Data listing ▸
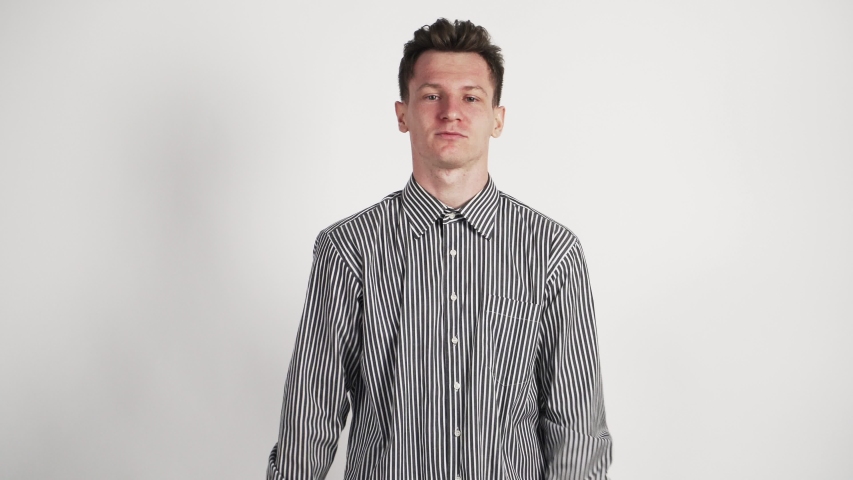 The young guy Caucasian appearance, in his shirt show his emotions of joy and victory. On a white background.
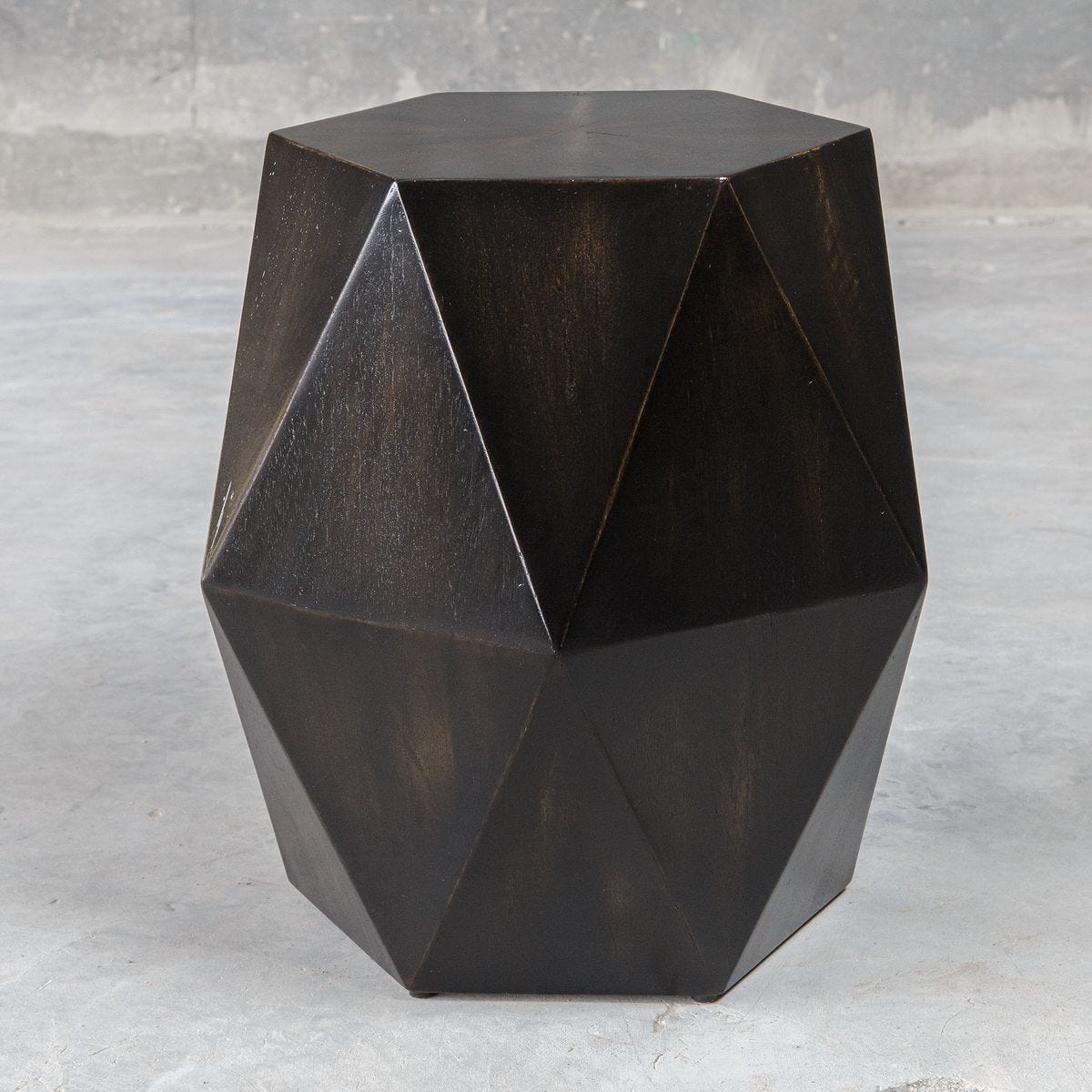 Geometric dark brown side table on a light gray background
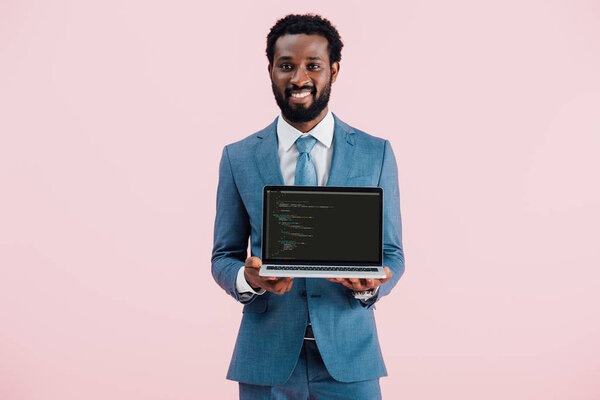 КИЕВ, УКРАИНА - 17 мая 2019 года: улыбающийся африканский бизнесмен, показывающий ноутбук с HTML-кодом, изолированный на розовом
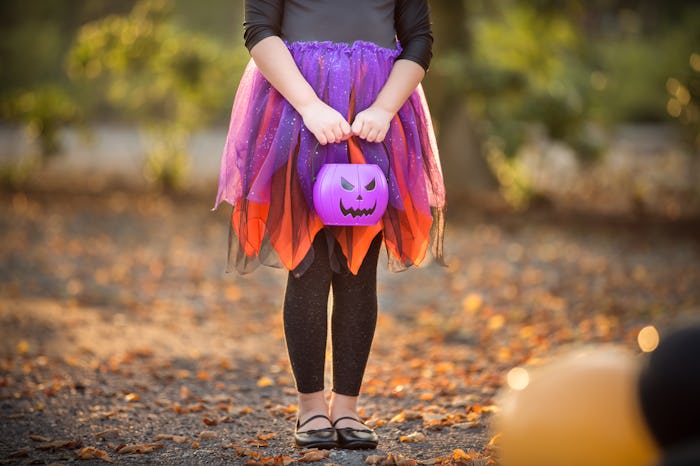 kid dressed as witch for halloween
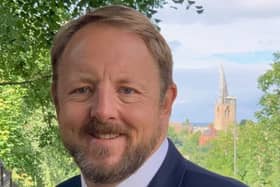 A woman is due to be sentenced by a judge after admitting threatening Chesterfield MP Toby Perkins with bogus allegations.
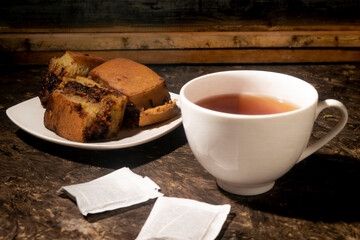 cup of tea and street food cake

Your objective ▸ In your copy of the listing above, reproduce each line exactly and omit all pictures.

Response for this exercise ▸
 The young guy Caucasian appearance, in his shirt show his emotions of joy and victory. On a white background.
 Geometric dark brown side table on a light gray background
 КИЕВ, УКРАИНА - 17 мая 2019 года: улыбающийся африканский бизнесмен, показывающий ноутбук с HTML-кодом, изолированный на розовом
 kid dressed as witch for halloween
 A woman is due to be sentenced by a judge after admitting threatening Chesterfield MP Toby Perkins with bogus allegations.
 cup of tea and street food cake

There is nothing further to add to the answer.